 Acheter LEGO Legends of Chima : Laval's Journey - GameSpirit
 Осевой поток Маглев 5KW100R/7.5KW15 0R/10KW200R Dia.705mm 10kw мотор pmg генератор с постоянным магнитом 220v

--

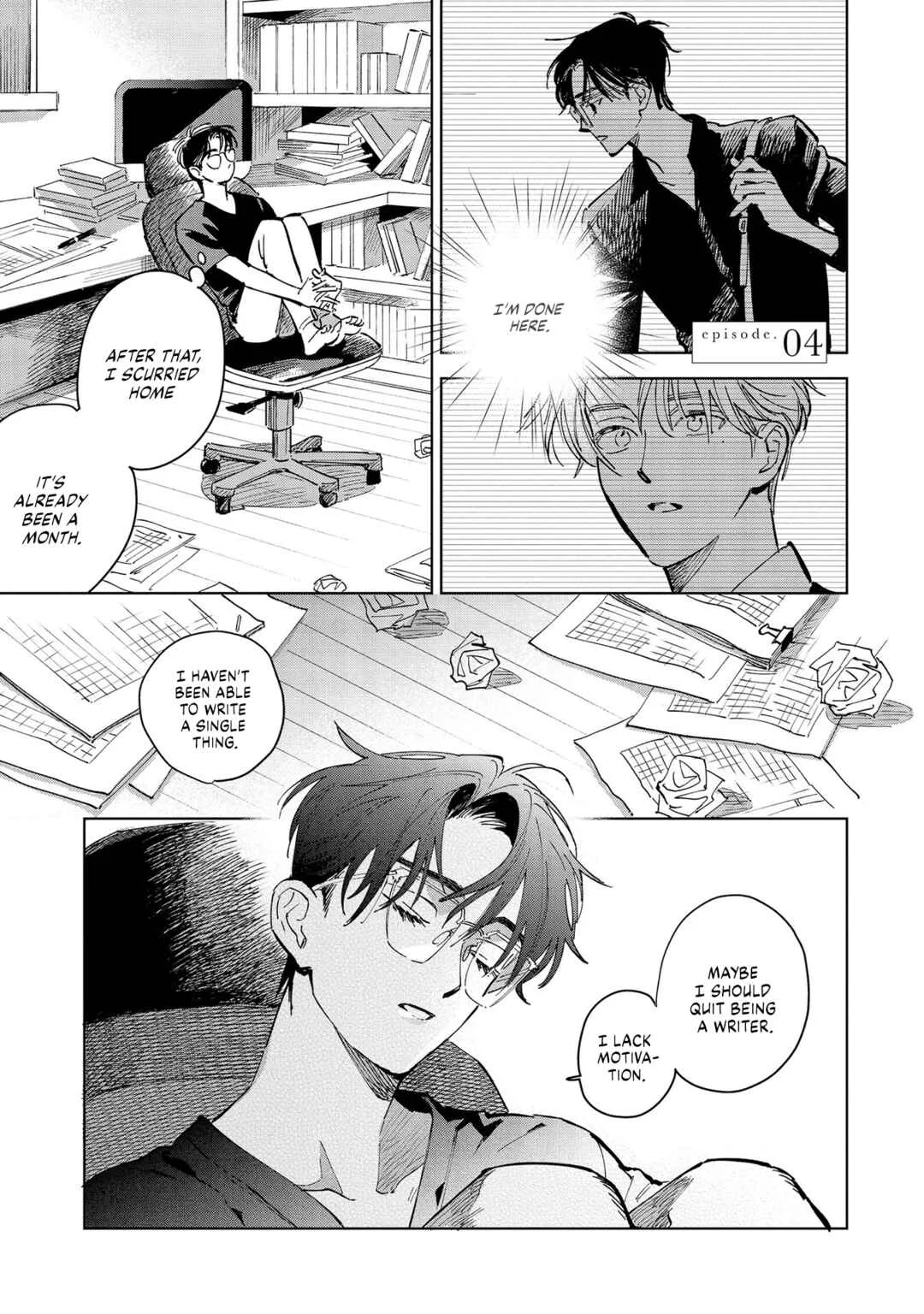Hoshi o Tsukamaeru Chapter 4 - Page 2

* * *

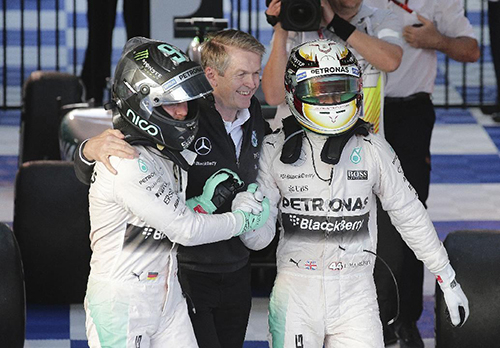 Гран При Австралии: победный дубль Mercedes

EXERCISE> Beginning at the line with "Acheter LEGO Legends" and ending at the line with "Осевой поток Маглев", reproduce each line of the data above exactly, and add no other lines.

EXPECTED ANSWER>
 Acheter LEGO Legends of Chima : Laval's Journey - GameSpirit
 Осевой поток Маглев 5KW100R/7.5KW15 0R/10KW200R Dia.705mm 10kw мотор pmg генератор с постоянным магнитом 220v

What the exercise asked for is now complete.